Please restate exactly the lines from the one holding "Bilden visar en" to the end of the material, including both ends and excluding every picture.

Information supplied:
----

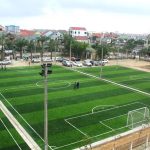 Cỏ nhân tạo cho sân mini thì nên chọn lại nào ?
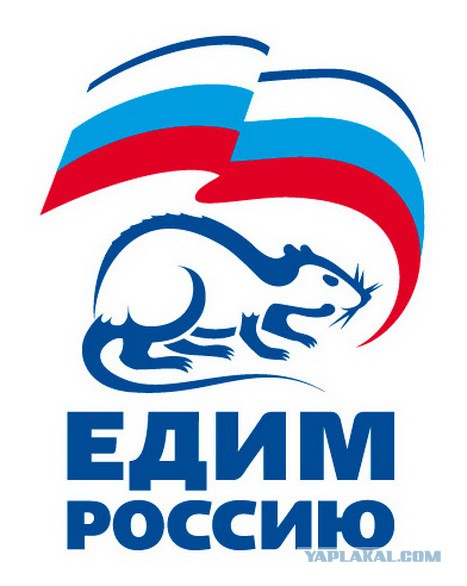 Сын краснодарской судьи, сыгравшей дочери скандальную свадьбу, идет на выборы в ЗСК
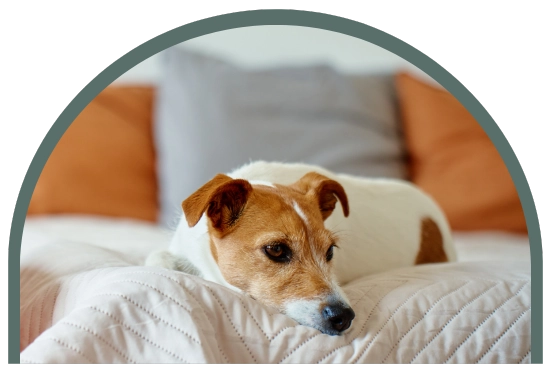 Bilden visar en hund som ligger på en hotellsäng och vilar. 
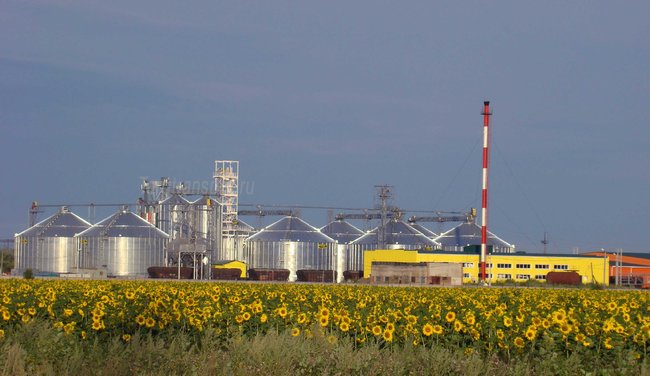 Захист виробництва і вето президента - в чому причини скандалу щодо законопроекту №6776-д 02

----

Solution to the exercise:
 Bilden visar en hund som ligger på en hotellsäng och vilar. 
 Захист виробництва і вето президента - в чому причини скандалу щодо законопроекту №6776-д 02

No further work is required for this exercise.